Oye Vey, Presidential Elections

Tomorrow is election day in the United States. The two candidates (and their super-PACs) have spent an estimated $6 billion in political ads. What a waste of money. I suppose that these ads can sway some voters, but that is too bad. Americans should spend more time thinking through the problem, and come up with their own opinions. Should we use evaluation forms to do this?

To a consultant, any decision will be based on both logic and intuition. For intuition, perhaps advertisements and sound bites are fine. Basically, who do you want to elect?

For a more logical approach, use evaluation forms

Consultants use this all the time to simplify decision making. First, determine what the evaluation criteria will be. Give each factor a weighting.  Evaluate each choice separately. Then add up the score and see which choice scores the highest.

Example: Temp strategic sourcing

I have sourced temporary labor for clients multiple times. You can see that there were 6 criteria – everything from the geographic areas that the agencies placed temporary workers to the pricing that they charged. All these factors were weighted differently. For example, pricing was very important (40% weighting), while the references were only weighted at 5% (since all references are usually good). The scoring is only hypothetical.
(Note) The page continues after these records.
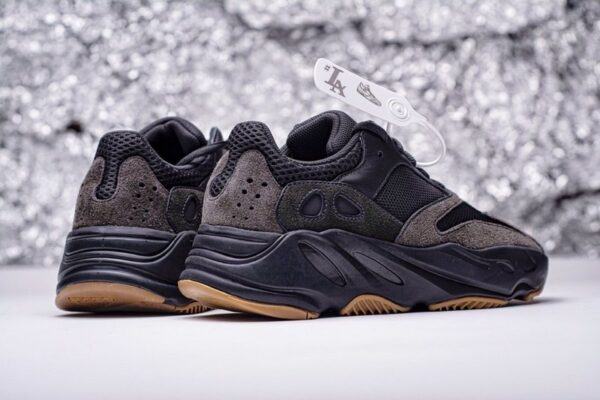 Yeezy 700 ‘utility Black’ Replica - Image 4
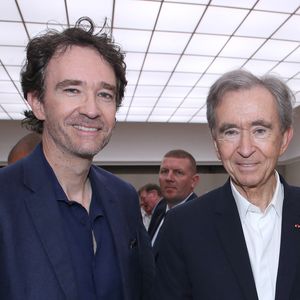 Qui ne connaît pas Bernard Arnault à travers le monde ? Le natif de Roubaix est aujourd'hui âgé de 76 ans bien qu'il en paraisse dix de moins. 

Bernard Arnault entre Antoine Arnault et Delphine Arnault (Présidente de Dior) - Défilé de mode Dior Homme, Collection Printemps / Été 2026, Front Row, dans le cadre de la Fashion Week de Paris, France,

© Olivier Borde / Bertrand Rindoff / Bestimage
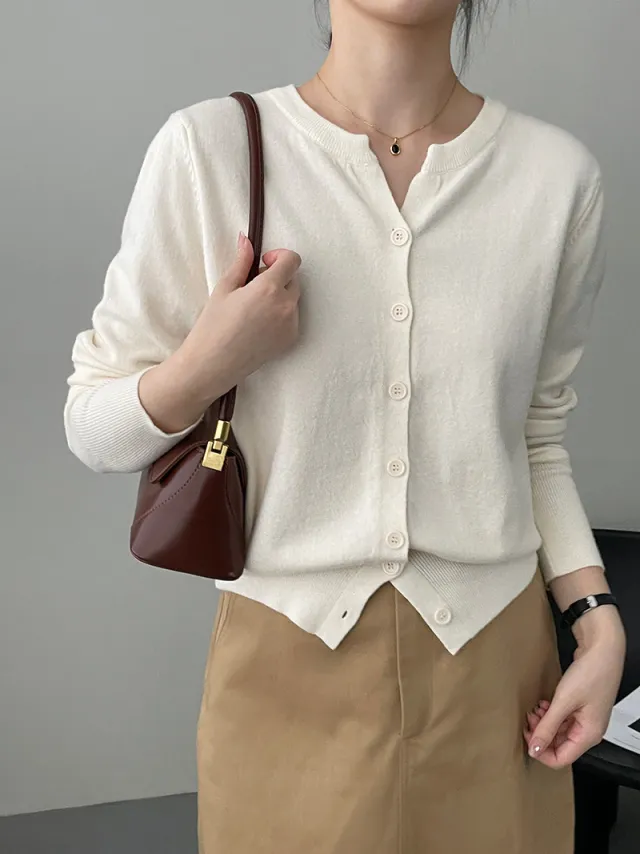 Gentle Pink Sweater Women's Soft Glutinous Skin friendly Sweater Beige - Shop at LoveMi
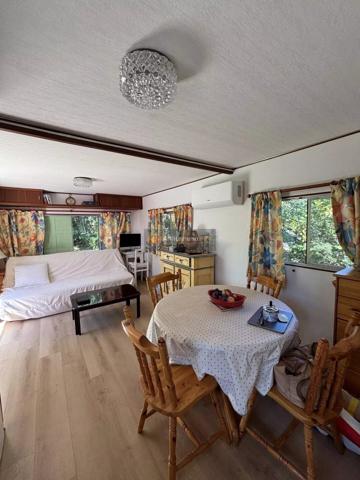 Vente                                                      Terrain
                        
                                         540 m2                     à Fréjus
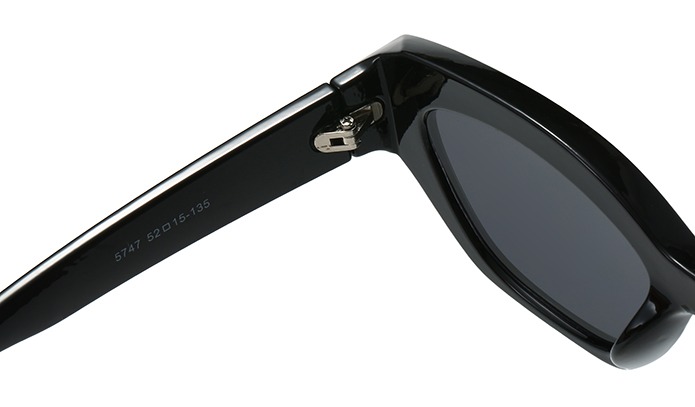 womaiglasses's tweet image. Turn heads 😎 WM EYES Cat Eye Hot Stamping Gold Sunglasses offer 100% UV protection with sleek polycarbonate frames &amp;amp; lenses. Perfect for sunny days &amp;amp; bold OOTDs!
🌐 wmglasses.com | 📩 womaiglasses@outlook.com
#wmeyes #cateyegold #uvprotection #fashioneyewear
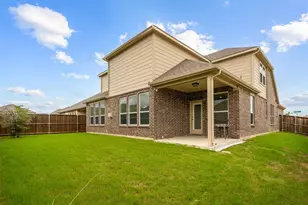5901 Silverhollow Dr, Fort Worth, TX 76137 - Photo 32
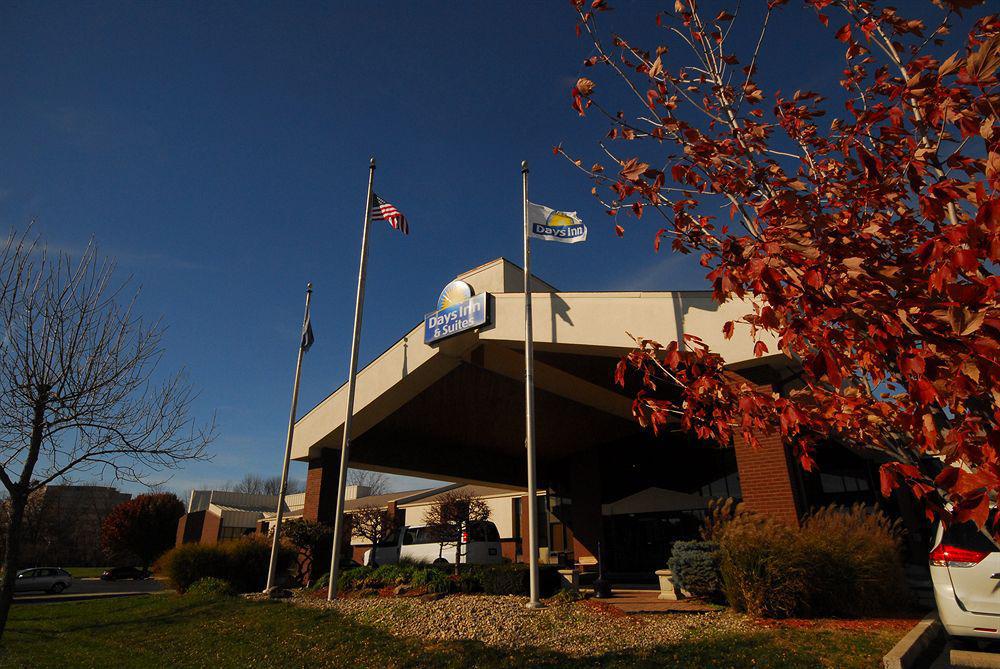 Days Inn & Suites By Wyndham Northwest Indianapolis Exterior photo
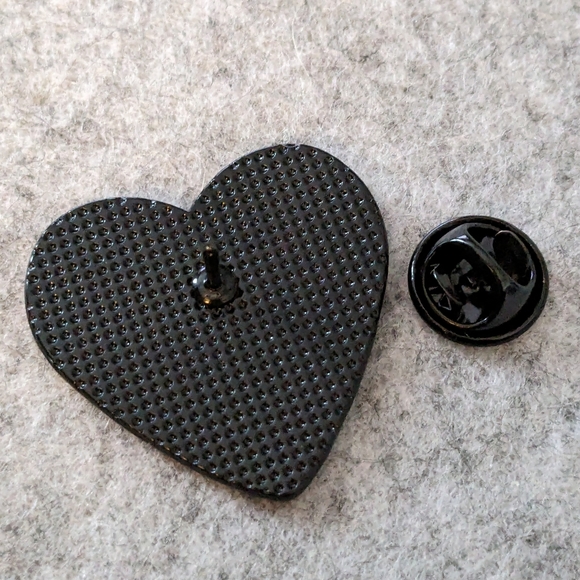 Vintage Valentine Pin - Picture 2 of 4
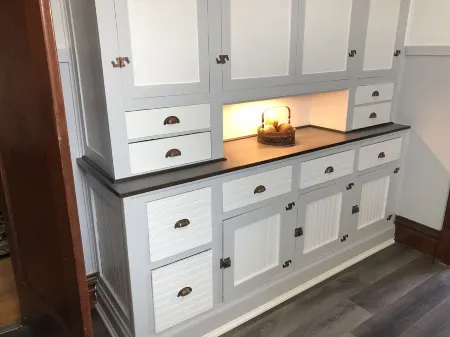 Downtown Sleepy Eye Apartment, 1 bedroom and sleeper.  Vintage in every way!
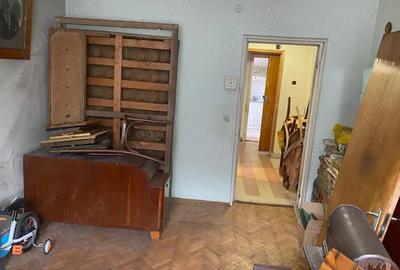 De vanzare apartament 4 camere - 7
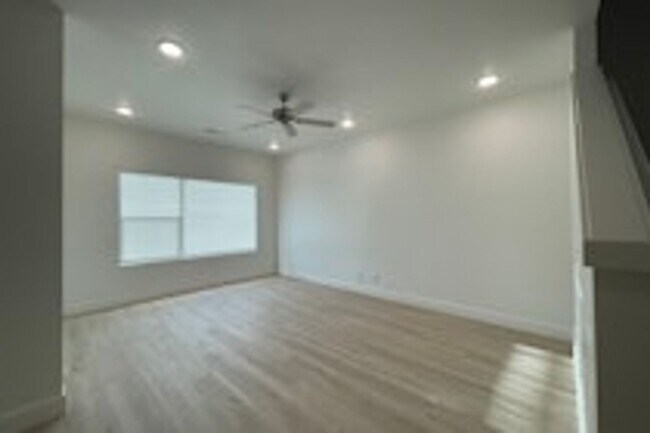 Building Photo - Stunning 3-Bedroom Home in St. George – $2,650/month (Beautiful Views!)
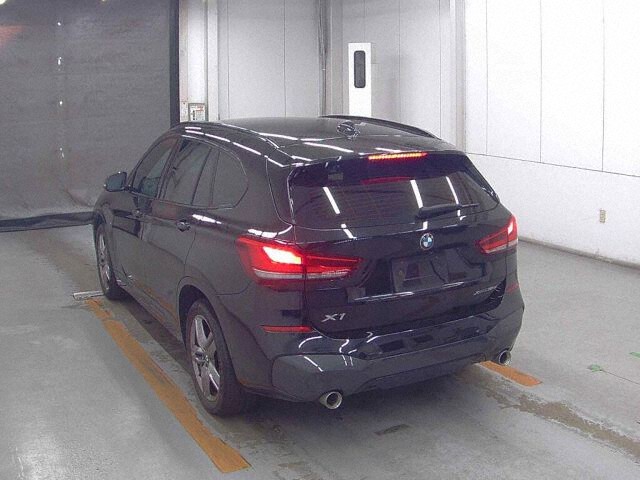 2021 BMW X1 XDRIV18D M Sport 4WD auction photo 2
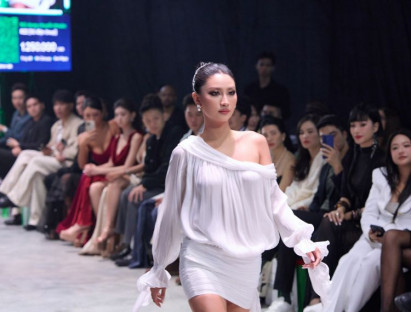  - Hoa hậu Nguyễn Hoàng Phương Linh diễn vedette tại show thời trang và công nghệ
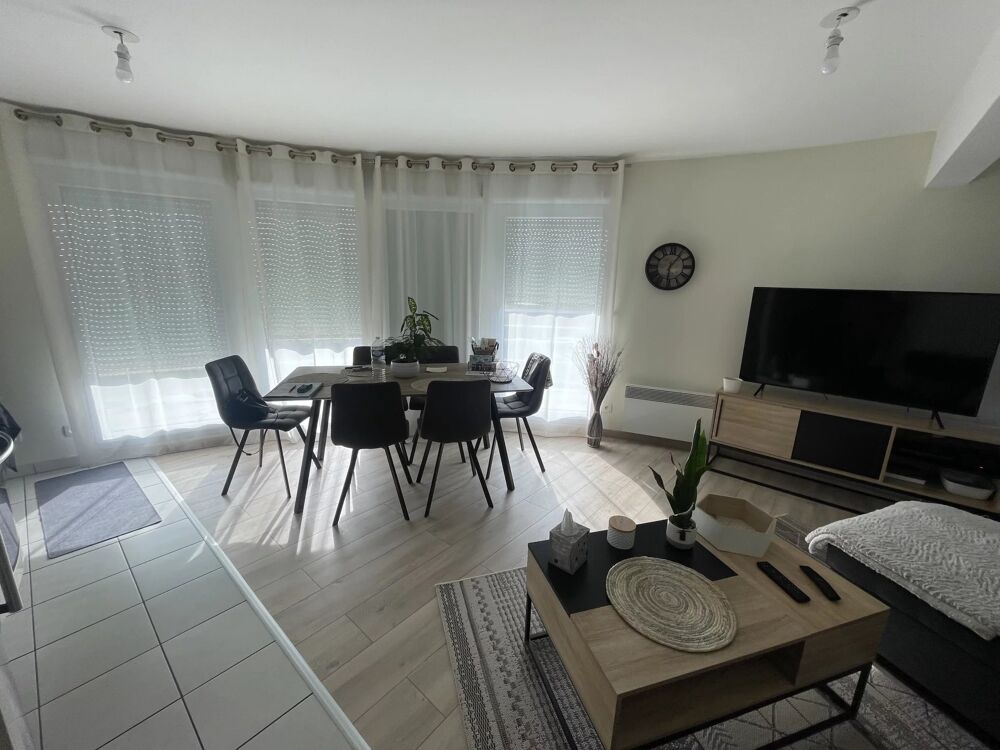 Location Appartement A SAINT QUENTIN - Proximité champs Elysée Saint-quentin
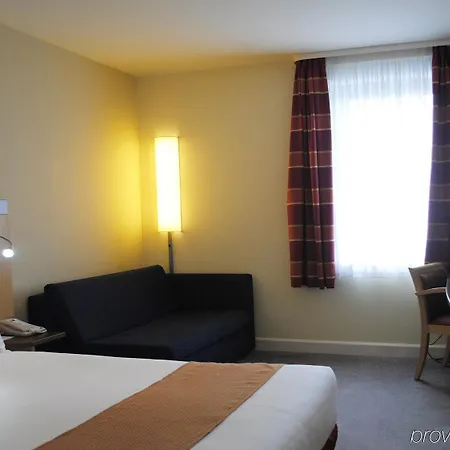 Hotel Express John Lennon Airport 3*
Had 12-15 stakeholders score the vendors

We had a half dozen vendors submit request for proposal (RFP) responses. Then we had client stakeholders score the responses. The winning scoring is shown in yellow. In this case, vendor 1 was chosen because they had the best weighted average score. The client eventually shifted more than $5 million of annual spend to that one vendor.

Evaluation Form - Table

How about we use this for the President?

  • Make a list of the key criteria you believe are important
  • Give each of those issues a weighting (total of 100%)
  • Rate each candidate for each issue
  • Total up the weighted average for each score, then total

Yes, it’s a subjective tool

Even the selection of the criteria and the weighting can tilt the outcome one way or another. For example, “Gun Control” or “Environment” or “Gay Marriage” or “Prayer in School” or “Legalization of Marijuana” or a host of other issues did not make the list of criteria. That might tell you something about what the evaluators think are important – even before any scoring takes place.

However, it’s more objective than gut feel

  1. It forces the evaluator(s) to determine the criteria ahead of time
  2. It forces the evaluators to make trade offs between the criteria (e.g., totals 100%)
  3. You can have multiple evaluators
  4. It sets up a neutral system to collect the feedback and take some of the emotion out of it.

I used this to evaluate candidates. I will cast my ballot, and you should too.